Your task is to restate exactly the lines from the one holding "Sean Connery marche" to the end of the entries below, inclusive.

------------

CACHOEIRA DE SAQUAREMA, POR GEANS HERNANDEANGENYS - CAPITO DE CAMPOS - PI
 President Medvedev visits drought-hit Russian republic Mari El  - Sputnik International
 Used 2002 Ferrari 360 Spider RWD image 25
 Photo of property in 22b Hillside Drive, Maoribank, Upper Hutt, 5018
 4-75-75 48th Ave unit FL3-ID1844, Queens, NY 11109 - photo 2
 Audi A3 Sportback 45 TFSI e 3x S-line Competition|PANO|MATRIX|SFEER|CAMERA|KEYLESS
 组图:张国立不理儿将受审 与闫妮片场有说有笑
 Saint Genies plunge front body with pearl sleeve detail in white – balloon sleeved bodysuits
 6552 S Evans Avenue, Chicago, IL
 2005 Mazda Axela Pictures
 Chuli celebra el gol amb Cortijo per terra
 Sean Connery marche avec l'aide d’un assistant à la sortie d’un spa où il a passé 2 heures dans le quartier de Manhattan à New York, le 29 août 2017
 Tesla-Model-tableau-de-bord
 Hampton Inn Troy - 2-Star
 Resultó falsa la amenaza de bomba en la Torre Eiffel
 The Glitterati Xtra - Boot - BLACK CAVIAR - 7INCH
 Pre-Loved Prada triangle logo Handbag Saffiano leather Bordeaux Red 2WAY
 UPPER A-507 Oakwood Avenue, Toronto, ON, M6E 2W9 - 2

------------

YOUR RESPONSE ::
 Sean Connery marche avec l'aide d’un assistant à la sortie d’un spa où il a passé 2 heures dans le quartier de Manhattan à New York, le 29 août 2017
 Tesla-Model-tableau-de-bord
 Hampton Inn Troy - 2-Star
 Resultó falsa la amenaza de bomba en la Torre Eiffel
 The Glitterati Xtra - Boot - BLACK CAVIAR - 7INCH
 Pre-Loved Prada triangle logo Handbag Saffiano leather Bordeaux Red 2WAY
 UPPER A-507 Oakwood Avenue, Toronto, ON, M6E 2W9 - 2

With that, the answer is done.